Ever since their rise as a political force in the early 20th century, Labour have had the lion’s share of seats, causing electoral earthquakes first in 1922 by winning a majority at the cost of the Liberals, and again in 1997 where they took 34 out of 40 seats whilst the Conservatives took none. Despite this, the predicted 2017 Welsh Tory win may not be a complete shock to many long-term spectators of the nation’s politics.

The decline of Labour’s support in Wales follows a similar pattern to that of many other struggling European social democratic parties in the post-industrial era. There was once a sturdy conveyer belt that saw the likes of NHS founder Nye Bevan enter politics through the union structure, where a political education would invariably lead to support for the Labour Party. However, as institutions like working men’s clubs and trade unions continue to decline, so do the once strong ties with the labour movement.

Class-based support for the Labour party has weakened across the UK and the British Attitudes Survey has found that voters’ identification with parties has fallen over recent decades. This is more pronounced amongst younger voters, which in Wales means that Labour votes once almost guaranteed by industrial workers are much harder to win from their children who work in offices and the service sector.

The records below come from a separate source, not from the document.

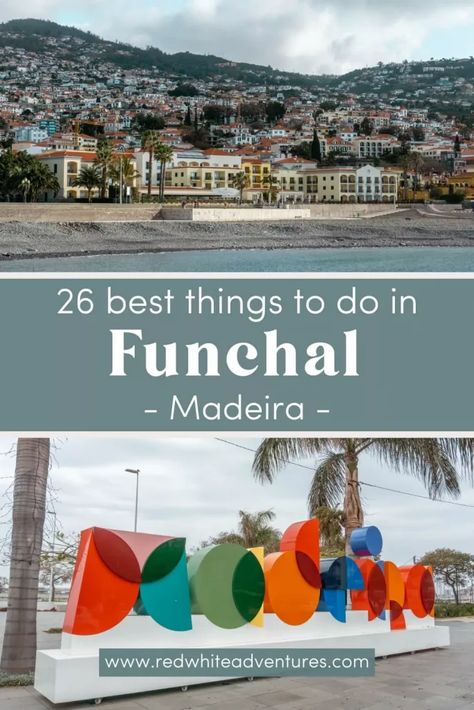 If there’s something you should know about the capital city of Madeira it’s that there are plenty of things to do in Funchal. It is by far one of our favourite places on the island because of the amount of things you can do. Funchal is a coastal city that is built up into the mountains so you’re close to both cute cafés AND hiking at the same time. If you love being outdoors, doing sports, and cute cafes you’re going to love Funchal and everything it has to offer. Cute Cafes, Funchal Madeira, Cruise Ports, Celebrity Cruise, Coastal City, Natural Swimming Pools, Natural Swimming Pool, Coastal Cities, Cruise Port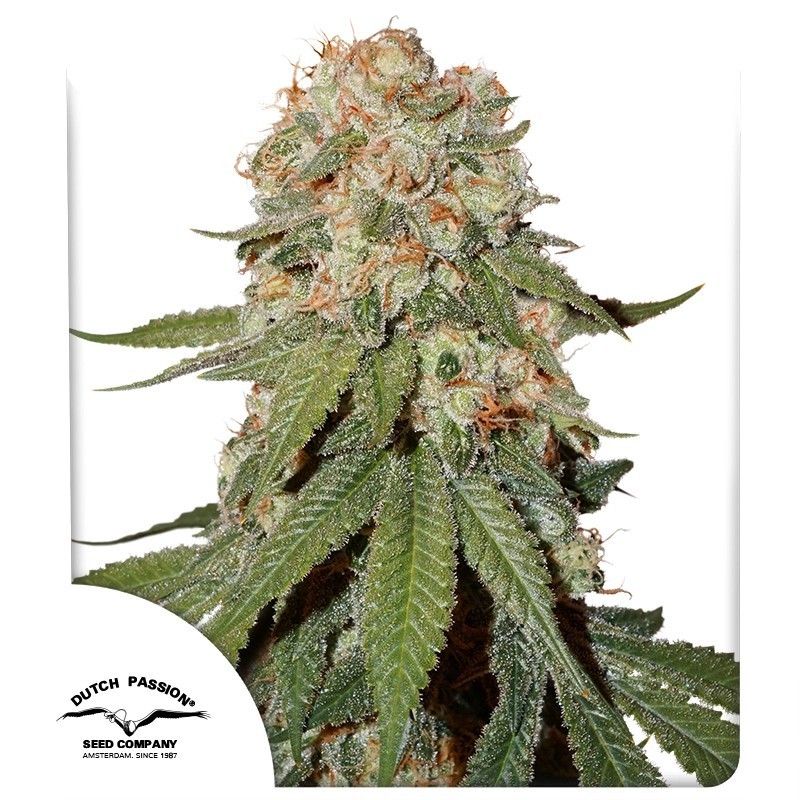 Orange Bud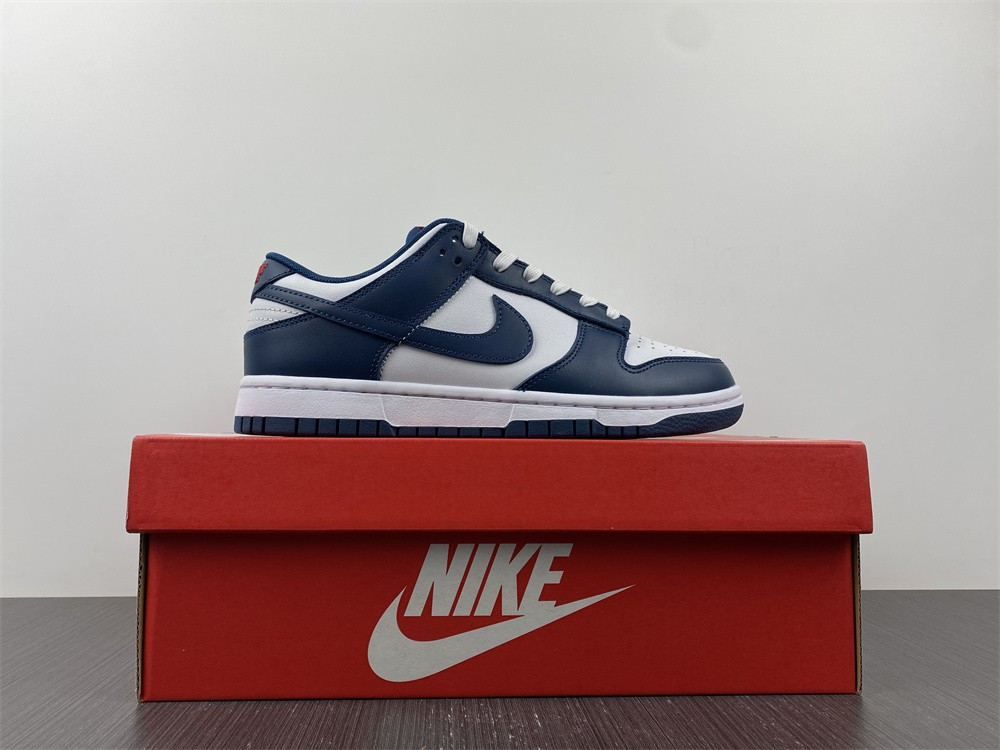 Nike dunk SB Low Retro Valerian Blue DD1391-400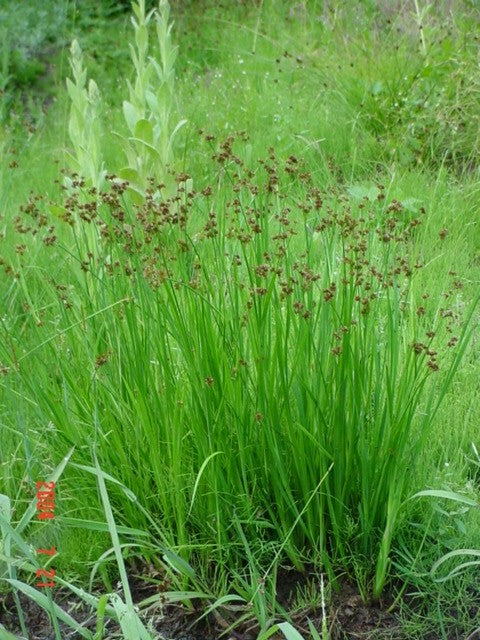 Dwarf Rushes Juncus ensifolius DWARF RUSH – Ferri Seeds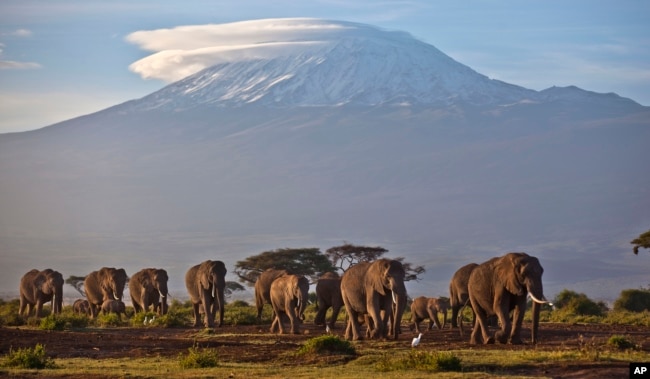 FILE - A herd of adult and baby elephants walks in the dawn light as the highest mountain in Africa, Tanzania's Mount Kilimanjaro, is seen in the background, in Amboseli National Park, southern Kenya, Dec.17, 2012.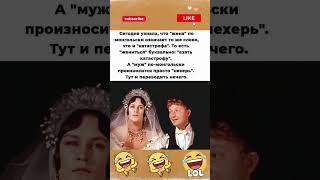 24 ноября 2025 г.#юмор #шуточное #смех #прикол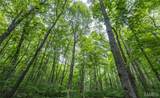 000 Yellow Springs Road - Photo 40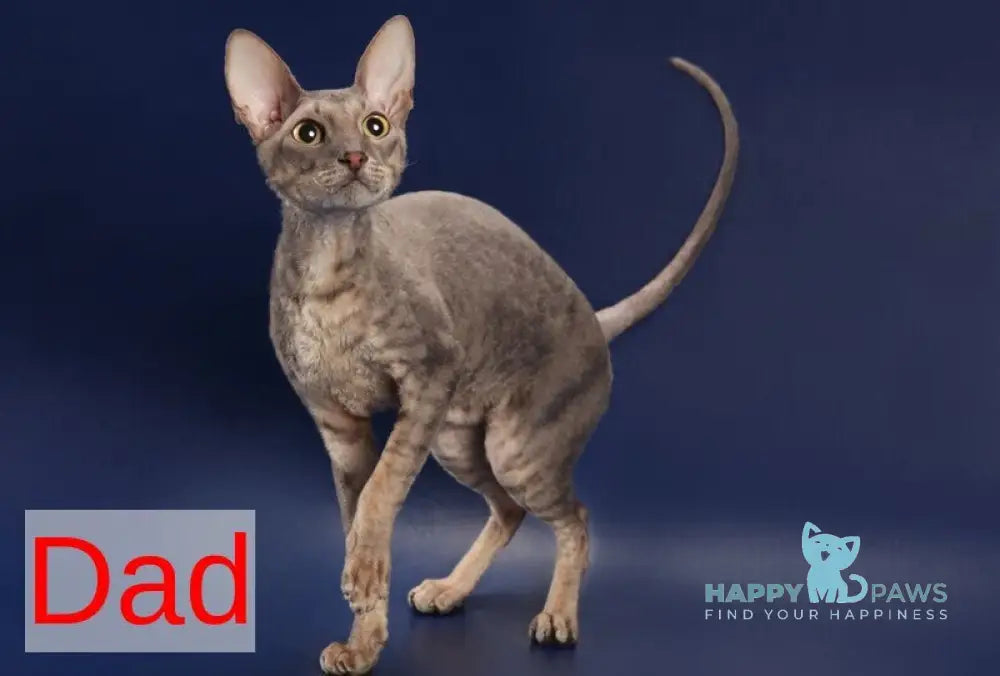 Karatt Cornish Rex male red tabby live animals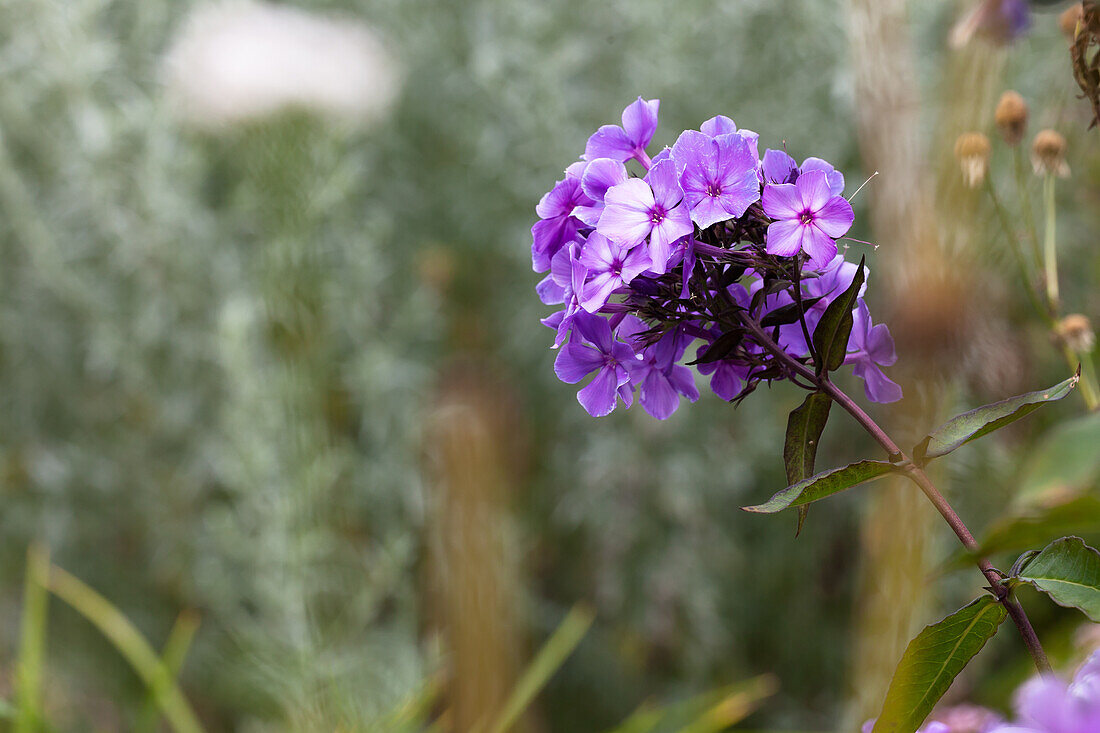 Phlox paniculata Blue Paradise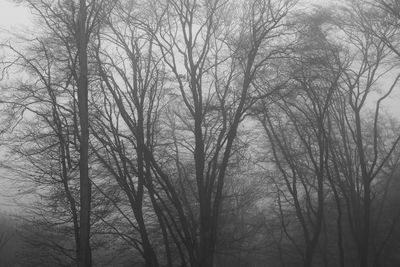 Low angle view of bare trees in forest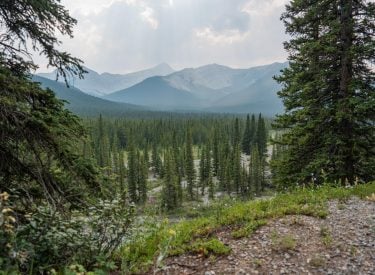 Forest, trees and mountains
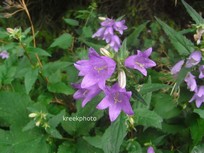 Campanula trachelium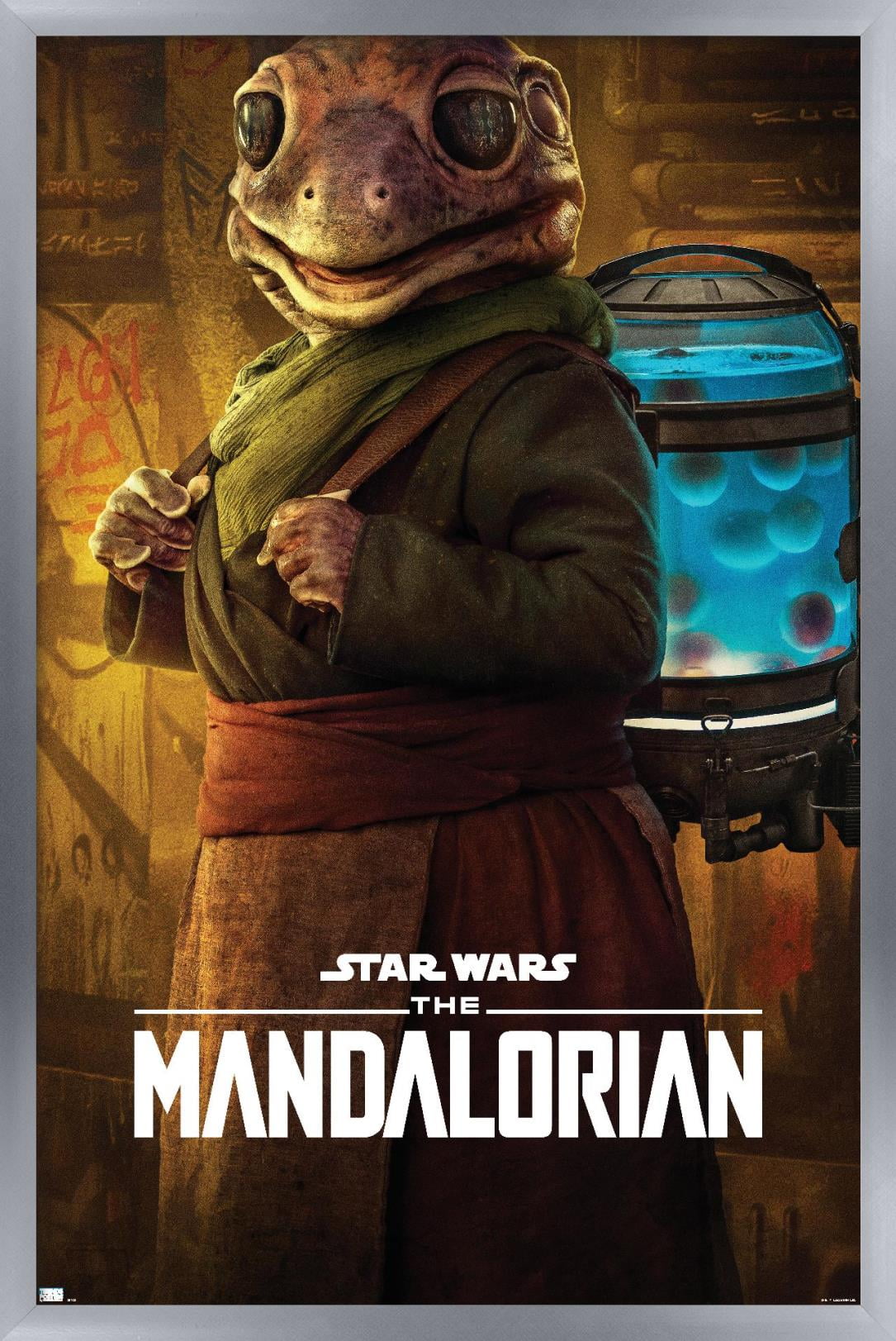 Star Wars: The Mandalorian Season 2 - Frog Lady Wall Poster, 14.725" x 22.375", Framed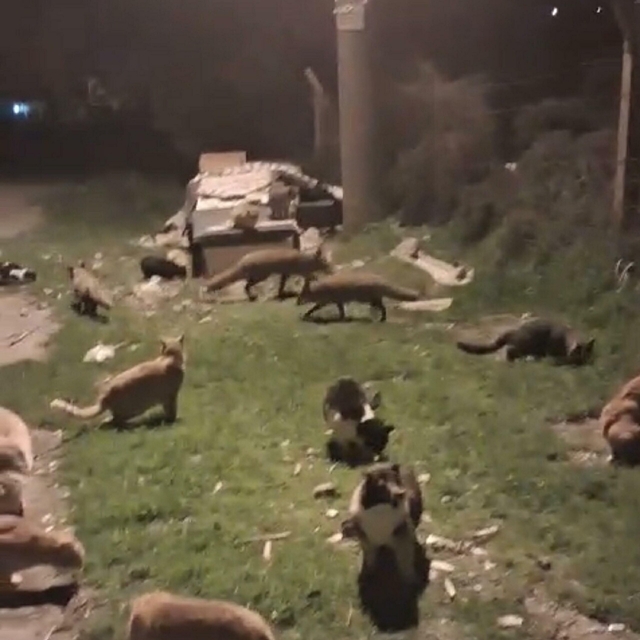 Kedi ve tilkilerin yan yana beslendiği anlar kamerada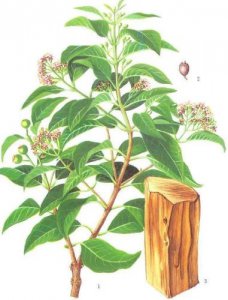 室内熏香是檀香好还是沉香好 檀香和沉香有什么不同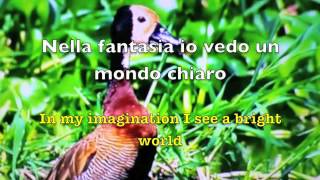 Nella Fantasia (In My fantasy) lyrics - Jakie Evancho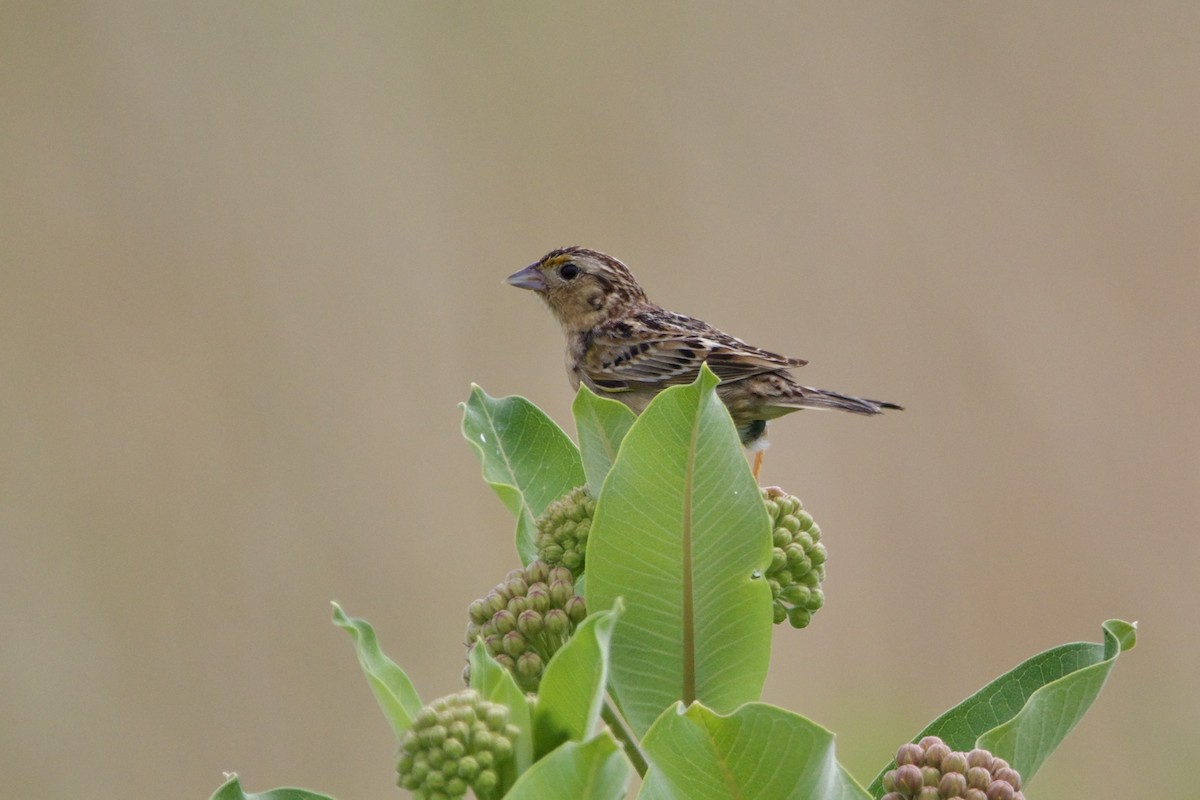 Grasshopper Sparrow - ML620399320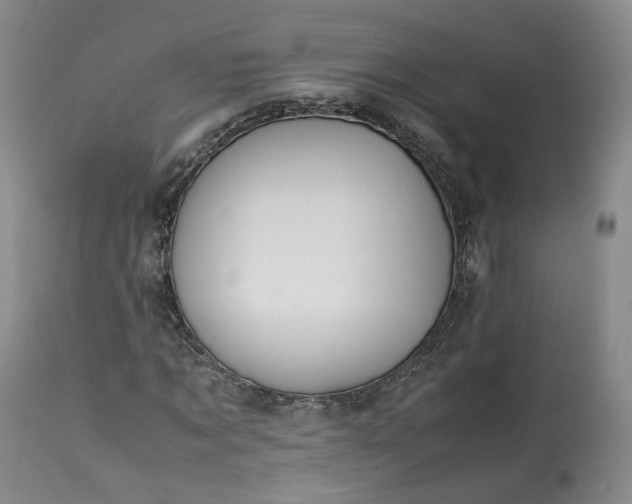 X0000113240869200909241544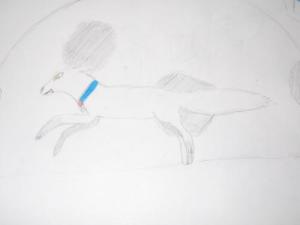 <img300*0:http://elftown.heddate.com/img/drawing/53079_1101169053.jpg>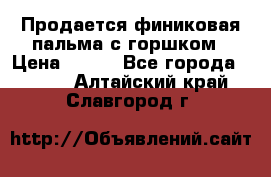 Продается финиковая пальма с горшком › Цена ­ 600 - Все города  »    . Алтайский край,Славгород г.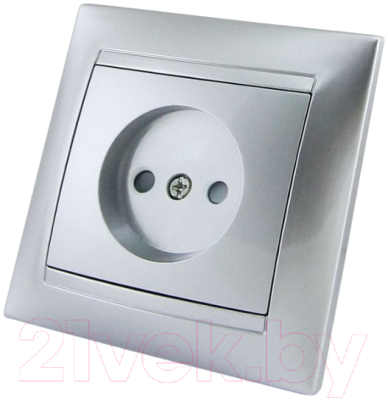 Розетка TDM Лама SQ1815-0210 - фото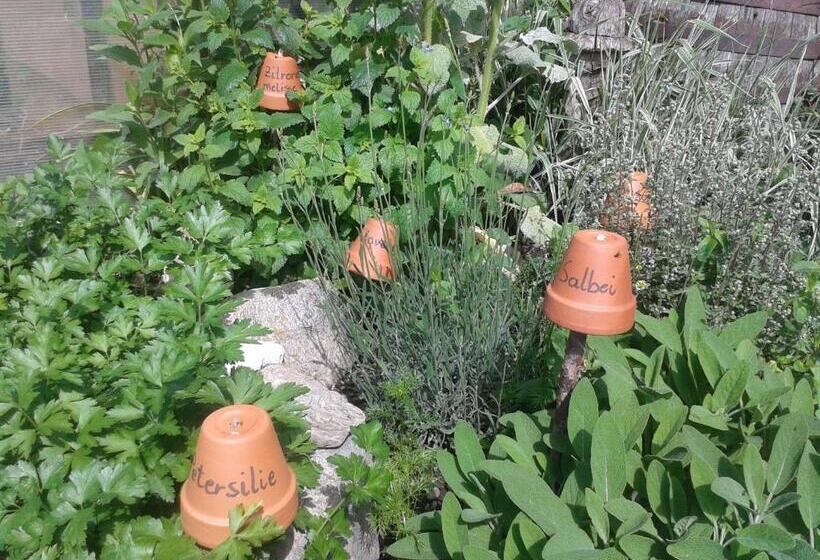 בית מלון כפרי Appartements Färberhof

The real elephant in the room for Welsh Labour was the country’s surprise vote for Brexit, which largely derived from the party’s southern heartlands. Brexit and the prospect of a Tory win can be understood in part by the poverty that afflicts nearly a quarter of the Welsh population. Brexit in Wales signalled a clear resentment to elements of globalisation, such as deindustrialisation and immigration, where the EU was made a bogeyman and Brexit was perceived as a chance to improve the nation’s fortunes.

A month before the EU referendum, Ukip’s surge in the Welsh Assembly was an ominous sign. However, with their collapse both in the Senedd and the national polls, the Tories showing of 40 per cent in Welsh opinion polls of voting intention could be due to a perception that they are now the party of Brexit voters.

On one hand, it seems contradictory for Wales to vote for a Conservative party who have played a monumental role in killing jobs in industries such as coal and that continues to slash public services. However, just as the battle lines of Scottish politics went from being between left and right to nationalist and unionist, could the dividing line in Wales be switching to a battle between remainers and leavers, or even those favouring globalisation and those favouring British sovereignty?

It may not be doom and gloom for Welsh Labour just yet though. A year ago the polls predicted defeat in the Assembly elections, but they managed to maintain enough seats to stay in government for a fifth consecutive term. They also have a strong local party machinery which likely doesn’t exist for the Tories.

Losing Wales would be symbolic of a wider demise in Labour’s fortunes and it will need to find a new way to reinvigorate support at its grassroots and create a new class politics rather than relying on the old one for votes. It must resonate with the call centre workers of Swansea, just like it once did with the coal miners of Tredegar. To revive its fortunes, Welsh Labour cannot give into reactionary politics causing its current problems, but rather it needs to take them head-on with a better politics that ends poverty in the nation.